Got my results today — passed! Wanted to write up what actually made the difference since most study advice I found online was either vague or trying to sell something.
What worked for me:
The most useful thing was drilling "mortgage calculator" until I genuinely understood why each answer was right, not just which one was right. I stopped doing marathon study sessions and switched to 45-minute focused blocks.
The practice tests here matched the real exam difficulty closely. I found questions on "mortgage rates today" especially well-calibrated — the format and wording were similar to what I saw.
What didn't work: reading the official textbook straight through. Too dense. I'd read a chapter, take a practice test on just that chapter, review every wrong answer, then move on.
Final score: 72%. Time I had left over: about 6 minutes.
Happy to answer questions. You've got this.
Worth mentioning: the mortgage covers exactly the areas people tend to struggle with most.
I actually failed the first time by a few points. Total gut punch. But passed on the second attempt with a comfortable margin.
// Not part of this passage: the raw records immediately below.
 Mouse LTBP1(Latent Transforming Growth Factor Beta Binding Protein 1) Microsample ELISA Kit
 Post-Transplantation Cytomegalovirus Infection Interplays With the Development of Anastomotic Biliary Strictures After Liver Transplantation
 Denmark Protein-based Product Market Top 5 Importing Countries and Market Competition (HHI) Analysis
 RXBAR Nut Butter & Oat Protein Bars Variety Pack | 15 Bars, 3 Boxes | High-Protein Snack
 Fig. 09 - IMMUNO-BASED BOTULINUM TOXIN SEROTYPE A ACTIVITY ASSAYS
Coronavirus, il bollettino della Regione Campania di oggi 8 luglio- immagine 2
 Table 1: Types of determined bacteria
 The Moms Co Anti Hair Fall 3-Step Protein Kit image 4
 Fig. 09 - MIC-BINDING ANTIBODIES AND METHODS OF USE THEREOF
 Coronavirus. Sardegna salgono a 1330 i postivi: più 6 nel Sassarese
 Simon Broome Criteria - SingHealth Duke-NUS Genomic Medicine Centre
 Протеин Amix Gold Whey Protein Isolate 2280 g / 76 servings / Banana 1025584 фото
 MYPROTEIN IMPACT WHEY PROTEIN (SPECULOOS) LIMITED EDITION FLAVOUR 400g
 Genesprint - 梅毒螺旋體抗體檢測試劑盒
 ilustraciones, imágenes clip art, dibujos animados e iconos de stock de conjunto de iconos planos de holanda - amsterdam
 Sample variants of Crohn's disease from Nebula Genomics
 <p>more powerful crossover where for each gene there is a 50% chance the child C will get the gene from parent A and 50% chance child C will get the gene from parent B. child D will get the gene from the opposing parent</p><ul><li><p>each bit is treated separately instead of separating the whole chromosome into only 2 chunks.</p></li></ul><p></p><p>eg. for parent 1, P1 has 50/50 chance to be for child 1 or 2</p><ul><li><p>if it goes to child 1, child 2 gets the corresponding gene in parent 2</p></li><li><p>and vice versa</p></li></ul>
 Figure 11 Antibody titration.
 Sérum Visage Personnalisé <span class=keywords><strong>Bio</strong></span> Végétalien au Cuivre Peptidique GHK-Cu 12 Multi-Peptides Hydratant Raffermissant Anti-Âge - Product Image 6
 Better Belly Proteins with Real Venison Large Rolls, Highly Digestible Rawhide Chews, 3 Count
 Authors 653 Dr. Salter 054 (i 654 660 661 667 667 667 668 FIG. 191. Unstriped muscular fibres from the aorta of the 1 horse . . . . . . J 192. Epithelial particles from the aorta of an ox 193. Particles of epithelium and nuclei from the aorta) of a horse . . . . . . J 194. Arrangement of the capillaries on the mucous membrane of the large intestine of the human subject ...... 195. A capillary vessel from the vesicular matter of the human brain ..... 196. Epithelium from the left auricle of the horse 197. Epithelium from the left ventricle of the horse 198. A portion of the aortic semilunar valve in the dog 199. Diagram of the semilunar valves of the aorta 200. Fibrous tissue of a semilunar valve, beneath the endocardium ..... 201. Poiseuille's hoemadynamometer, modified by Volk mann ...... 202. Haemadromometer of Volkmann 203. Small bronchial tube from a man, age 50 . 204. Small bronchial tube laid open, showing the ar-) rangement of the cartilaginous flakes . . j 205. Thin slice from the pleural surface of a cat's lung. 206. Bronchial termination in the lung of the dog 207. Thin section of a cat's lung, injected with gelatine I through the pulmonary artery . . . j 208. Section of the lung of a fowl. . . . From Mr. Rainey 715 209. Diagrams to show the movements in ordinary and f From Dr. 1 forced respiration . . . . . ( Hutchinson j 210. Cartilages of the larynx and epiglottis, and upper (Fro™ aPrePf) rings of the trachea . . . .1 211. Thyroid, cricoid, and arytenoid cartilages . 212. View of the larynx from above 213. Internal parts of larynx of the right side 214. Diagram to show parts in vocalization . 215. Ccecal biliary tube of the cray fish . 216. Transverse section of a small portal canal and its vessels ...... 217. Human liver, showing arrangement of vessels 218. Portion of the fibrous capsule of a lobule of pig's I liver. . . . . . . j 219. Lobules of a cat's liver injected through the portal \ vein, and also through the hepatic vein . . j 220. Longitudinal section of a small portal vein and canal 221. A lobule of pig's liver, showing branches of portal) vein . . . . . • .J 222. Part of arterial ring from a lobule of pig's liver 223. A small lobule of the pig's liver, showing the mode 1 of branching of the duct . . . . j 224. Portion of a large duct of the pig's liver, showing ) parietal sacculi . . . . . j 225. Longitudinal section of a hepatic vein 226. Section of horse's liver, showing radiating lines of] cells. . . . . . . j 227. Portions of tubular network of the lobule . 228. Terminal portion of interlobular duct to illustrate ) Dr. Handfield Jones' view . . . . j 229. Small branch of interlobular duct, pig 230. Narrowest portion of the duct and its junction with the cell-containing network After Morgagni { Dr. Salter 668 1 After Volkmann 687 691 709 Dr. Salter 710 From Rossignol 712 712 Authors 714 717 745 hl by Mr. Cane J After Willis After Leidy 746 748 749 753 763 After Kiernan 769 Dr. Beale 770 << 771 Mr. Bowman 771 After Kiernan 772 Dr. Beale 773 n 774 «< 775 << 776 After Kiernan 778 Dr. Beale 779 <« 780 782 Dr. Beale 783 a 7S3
What changed: I stopped trying to memorize answers and started actually understanding the material. Specifically on mortgage rates today — I went back to basics and worked forward from first principles.
Also switched from reading to doing. Less time with the textbook, more time on practice questions with detailed answer explanations.
You've got this. The second attempt is always better because you know exactly what the exam is like.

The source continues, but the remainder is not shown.